Nothing but the lines from the one containing "Валенки детские, цвет" through the end of the entries below should appear in your answer, transcribed exactly; please drop the pictures.

··· RECORDED DATA ···

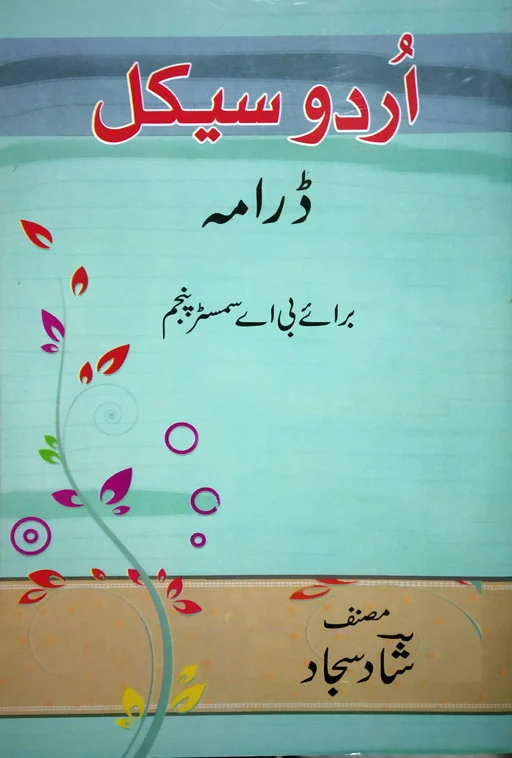 Urdu Cycle - Drama Semester 5th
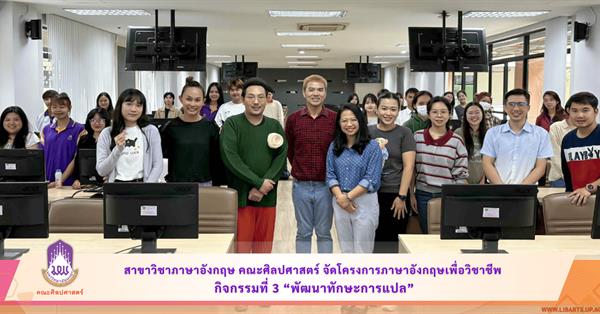 School of Liberal Arts Organizes “English for Careers” Project – Activity 3: Media Translation Skills Development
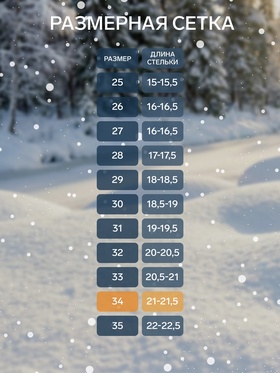 Валенки детские, цвет натуральный, размер 34 (22)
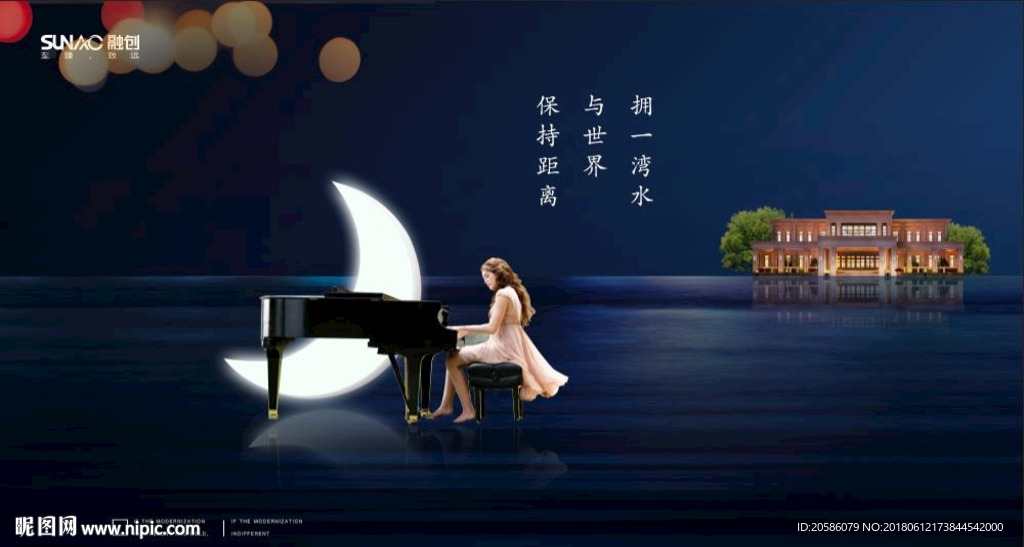 湖景地产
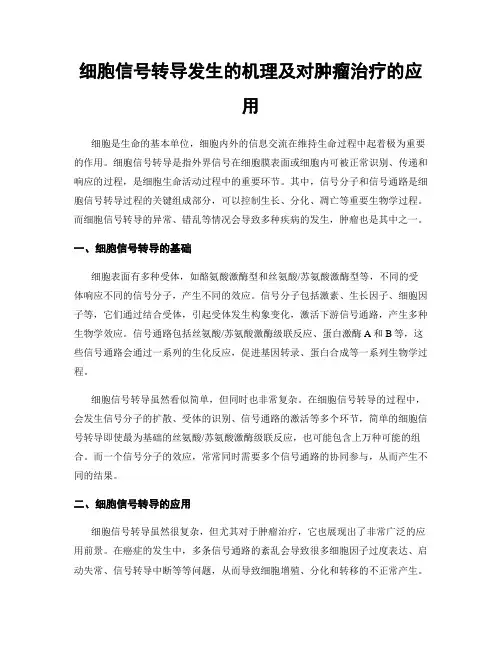 细胞信号转导发生的机理及对肿瘤治疗的应用
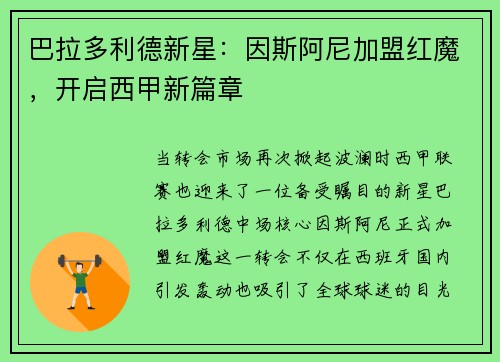 巴拉多利德新星：因斯阿尼加盟红魔，开启西甲新篇章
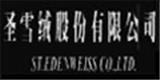 宁夏圣雪绒国际企业集团公司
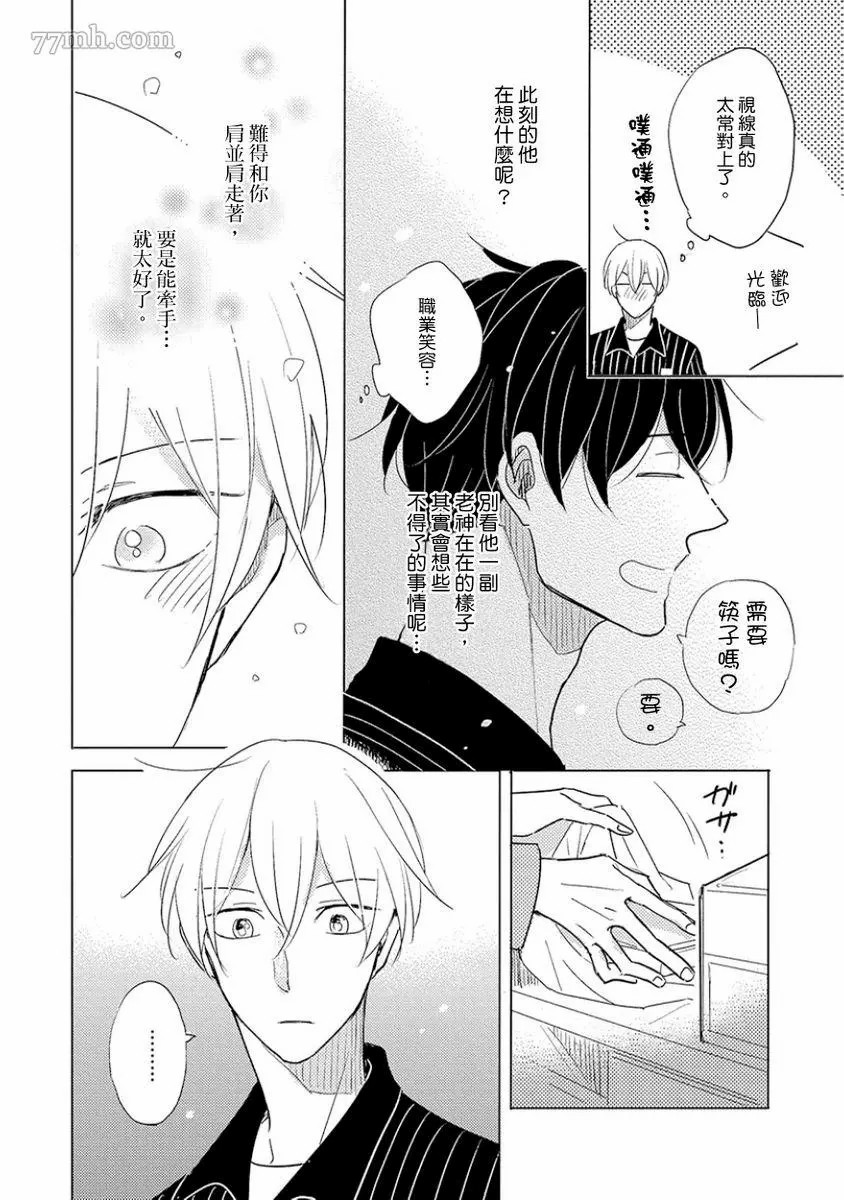 讨厌也是喜欢的一种?漫画,第1话4图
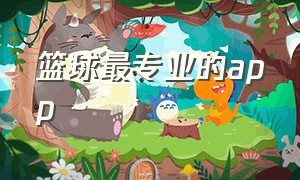 篮球最专业的app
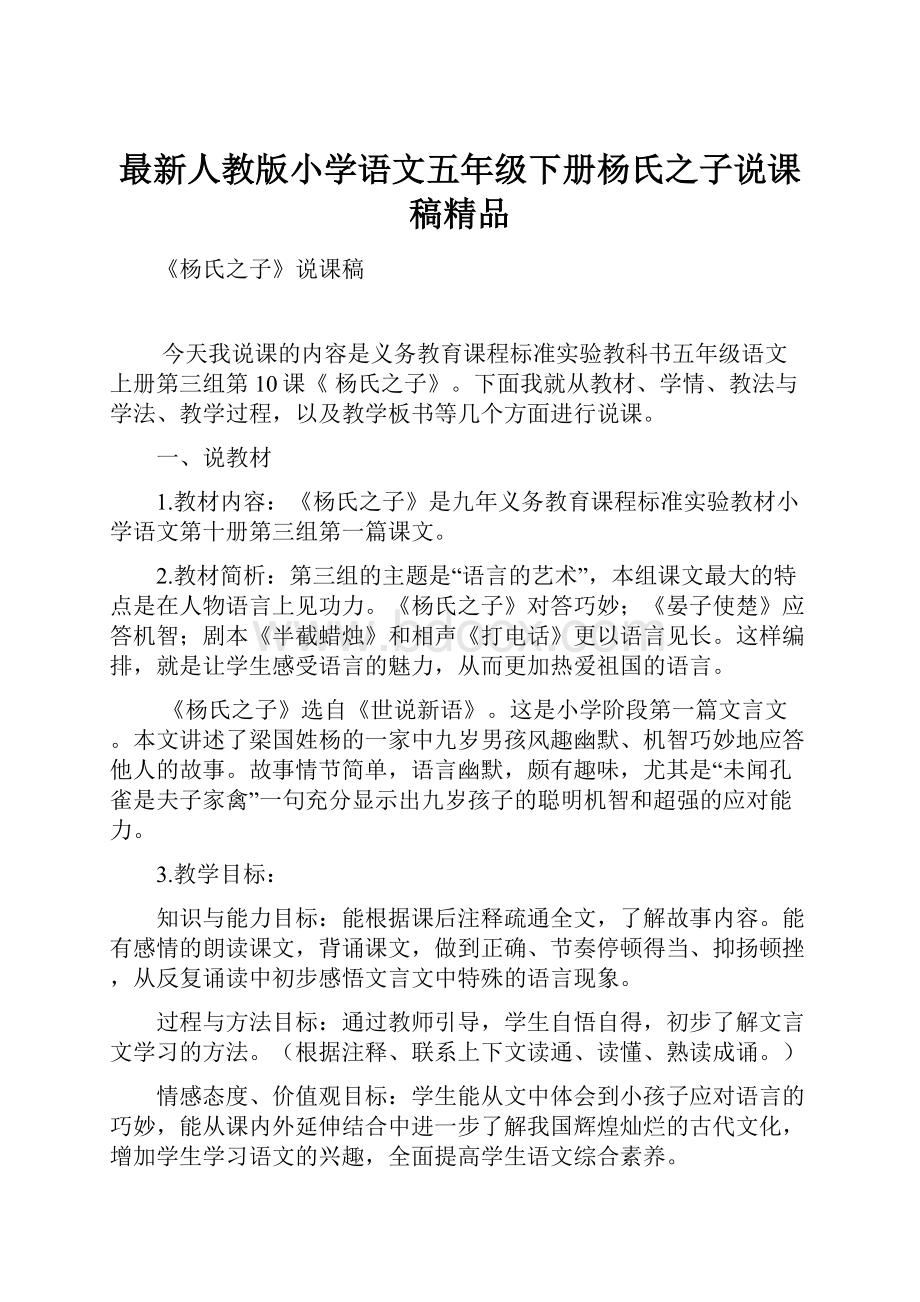 最新人教版小学语文五年级下册杨氏之子说课稿精品.docx_第1页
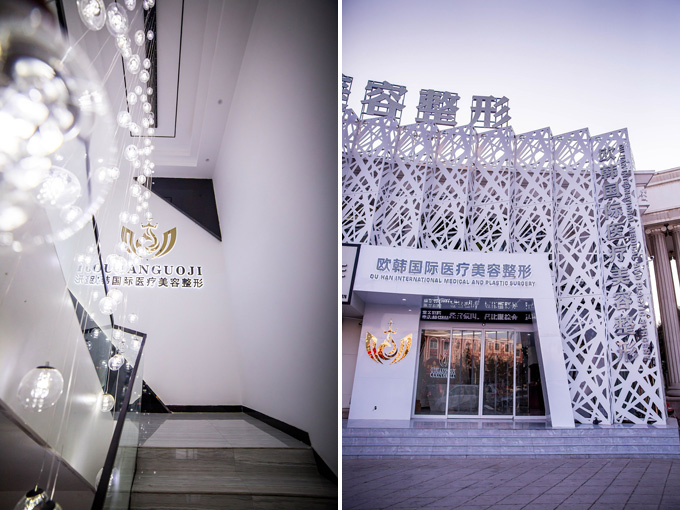 ����ҽԺװ��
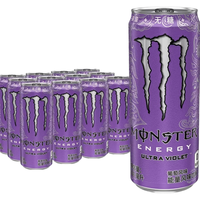  Monster Energy/魔爪能量 能量饮料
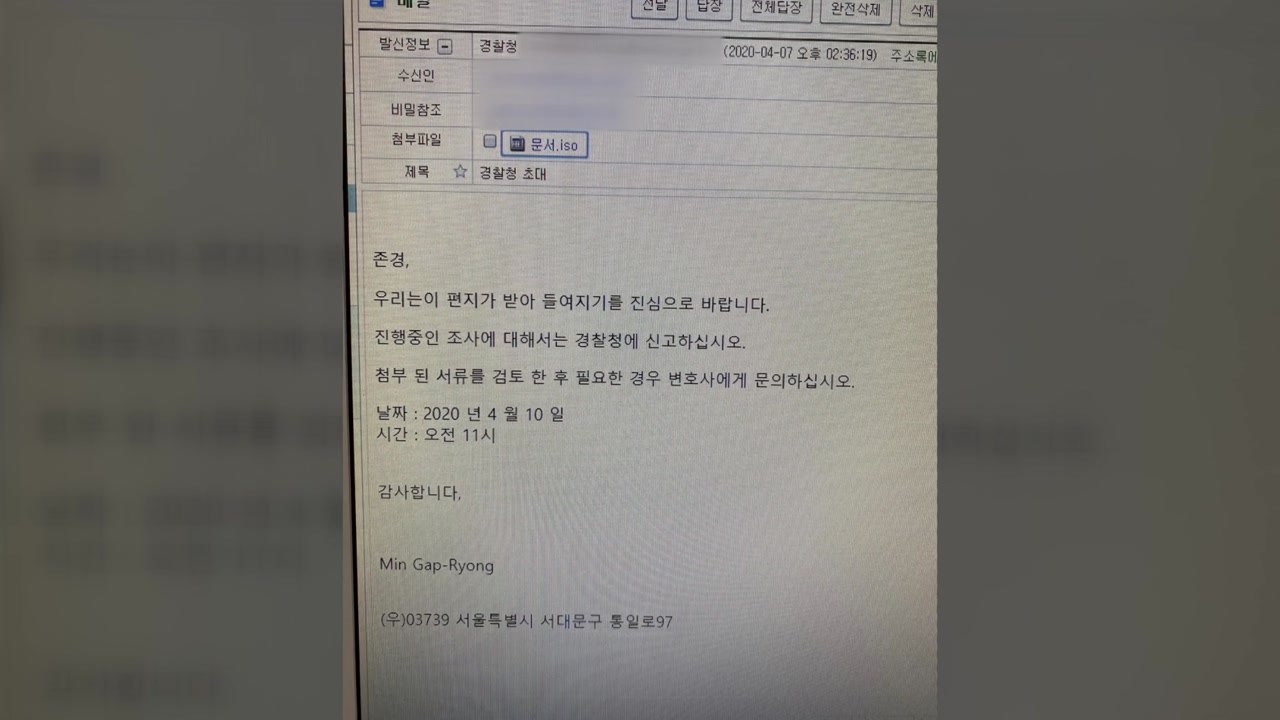 기자들에 '경찰청장' 사칭 피싱 메일...내사 착수 / YTN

···

▶ _PROBLEM SOLUTION_:
 Валенки детские, цвет натуральный, размер 34 (22)
 湖景地产
 细胞信号转导发生的机理及对肿瘤治疗的应用
 巴拉多利德新星：因斯阿尼加盟红魔，开启西甲新篇章
 宁夏圣雪绒国际企业集团公司
 讨厌也是喜欢的一种?漫画,第1话4图
 篮球最专业的app
 最新人教版小学语文五年级下册杨氏之子说课稿精品.docx_第1页
 ����ҽԺװ��
  Monster Energy/魔爪能量 能量饮料
 기자들에 '경찰청장' 사칭 피싱 메일...내사 착수 / YTN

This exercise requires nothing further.